Problem statement: I'd like every record given again exactly, please.

Information given:

- - - -

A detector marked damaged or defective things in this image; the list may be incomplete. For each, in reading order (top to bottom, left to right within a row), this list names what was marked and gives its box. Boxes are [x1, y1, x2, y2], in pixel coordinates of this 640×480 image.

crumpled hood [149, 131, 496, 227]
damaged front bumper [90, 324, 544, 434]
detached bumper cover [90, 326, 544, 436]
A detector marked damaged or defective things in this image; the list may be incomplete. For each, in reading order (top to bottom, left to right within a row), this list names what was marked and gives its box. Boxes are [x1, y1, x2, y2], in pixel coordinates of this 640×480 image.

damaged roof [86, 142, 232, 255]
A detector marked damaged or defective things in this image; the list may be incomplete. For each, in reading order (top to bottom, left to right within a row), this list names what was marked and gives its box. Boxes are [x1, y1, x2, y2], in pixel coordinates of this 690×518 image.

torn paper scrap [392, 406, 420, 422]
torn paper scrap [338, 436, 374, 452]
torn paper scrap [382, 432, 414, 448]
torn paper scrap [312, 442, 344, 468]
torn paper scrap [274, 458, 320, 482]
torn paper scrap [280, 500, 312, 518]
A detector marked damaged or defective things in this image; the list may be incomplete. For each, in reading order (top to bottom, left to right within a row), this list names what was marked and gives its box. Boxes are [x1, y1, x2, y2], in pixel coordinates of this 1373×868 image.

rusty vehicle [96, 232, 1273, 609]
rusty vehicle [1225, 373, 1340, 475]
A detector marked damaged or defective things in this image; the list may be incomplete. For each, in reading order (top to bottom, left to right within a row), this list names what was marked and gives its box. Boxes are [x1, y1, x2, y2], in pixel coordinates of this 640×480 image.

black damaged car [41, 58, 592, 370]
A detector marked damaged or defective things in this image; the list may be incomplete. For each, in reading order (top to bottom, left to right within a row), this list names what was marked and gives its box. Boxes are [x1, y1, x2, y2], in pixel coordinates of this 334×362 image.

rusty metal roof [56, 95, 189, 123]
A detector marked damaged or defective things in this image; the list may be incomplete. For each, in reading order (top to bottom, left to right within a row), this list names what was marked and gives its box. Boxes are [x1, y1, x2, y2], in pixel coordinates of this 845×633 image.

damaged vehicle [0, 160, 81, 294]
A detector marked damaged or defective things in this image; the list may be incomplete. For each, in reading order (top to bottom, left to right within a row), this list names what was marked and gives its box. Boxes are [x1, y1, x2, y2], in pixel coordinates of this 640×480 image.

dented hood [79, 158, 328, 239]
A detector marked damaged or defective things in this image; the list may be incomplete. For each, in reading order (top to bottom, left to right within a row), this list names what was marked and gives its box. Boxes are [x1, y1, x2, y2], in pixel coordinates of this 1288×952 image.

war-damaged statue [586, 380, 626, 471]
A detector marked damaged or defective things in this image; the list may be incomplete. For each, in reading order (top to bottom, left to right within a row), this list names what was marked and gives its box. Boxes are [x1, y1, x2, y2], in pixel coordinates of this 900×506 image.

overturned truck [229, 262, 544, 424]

- - - -

Answer below:
A detector marked damaged or defective things in this image; the list may be incomplete. For each, in reading order (top to bottom, left to right within a row), this list names what was marked and gives its box. Boxes are [x1, y1, x2, y2], in pixel coordinates of this 640×480 image.

crumpled hood [149, 131, 496, 227]
damaged front bumper [90, 324, 544, 434]
detached bumper cover [90, 326, 544, 436]
A detector marked damaged or defective things in this image; the list may be incomplete. For each, in reading order (top to bottom, left to right within a row), this list names what was marked and gives its box. Boxes are [x1, y1, x2, y2], in pixel coordinates of this 640×480 image.

damaged roof [86, 142, 232, 255]
A detector marked damaged or defective things in this image; the list may be incomplete. For each, in reading order (top to bottom, left to right within a row), this list names what was marked and gives its box. Boxes are [x1, y1, x2, y2], in pixel coordinates of this 690×518 image.

torn paper scrap [392, 406, 420, 422]
torn paper scrap [338, 436, 374, 452]
torn paper scrap [382, 432, 414, 448]
torn paper scrap [312, 442, 344, 468]
torn paper scrap [274, 458, 320, 482]
torn paper scrap [280, 500, 312, 518]
A detector marked damaged or defective things in this image; the list may be incomplete. For each, in reading order (top to bottom, left to right within a row), this list names what was marked and gives its box. Boxes are [x1, y1, x2, y2], in pixel coordinates of this 1373×868 image.

rusty vehicle [96, 232, 1273, 609]
rusty vehicle [1225, 373, 1340, 475]
A detector marked damaged or defective things in this image; the list may be incomplete. For each, in reading order (top to bottom, left to right within a row), this list names what was marked and gives its box. Boxes are [x1, y1, x2, y2], in pixel coordinates of this 640×480 image.

black damaged car [41, 58, 592, 370]
A detector marked damaged or defective things in this image; the list may be incomplete. For each, in reading order (top to bottom, left to right within a row), this list names what was marked and gives its box. Boxes are [x1, y1, x2, y2], in pixel coordinates of this 334×362 image.

rusty metal roof [56, 95, 189, 123]
A detector marked damaged or defective things in this image; the list may be incomplete. For each, in reading order (top to bottom, left to right within a row), this list names what was marked and gives its box. Boxes are [x1, y1, x2, y2], in pixel coordinates of this 845×633 image.

damaged vehicle [0, 160, 81, 294]
A detector marked damaged or defective things in this image; the list may be incomplete. For each, in reading order (top to bottom, left to right within a row), this list names what was marked and gives its box. Boxes are [x1, y1, x2, y2], in pixel coordinates of this 640×480 image.

dented hood [79, 158, 328, 239]
A detector marked damaged or defective things in this image; the list may be incomplete. For each, in reading order (top to bottom, left to right within a row), this list names what was marked and gives its box. Boxes are [x1, y1, x2, y2], in pixel coordinates of this 1288×952 image.

war-damaged statue [586, 380, 626, 471]
A detector marked damaged or defective things in this image; the list may be incomplete. For each, in reading order (top to bottom, left to right within a row), this list names what was marked and gives its box. Boxes are [x1, y1, x2, y2], in pixel coordinates of this 900×506 image.

overturned truck [229, 262, 544, 424]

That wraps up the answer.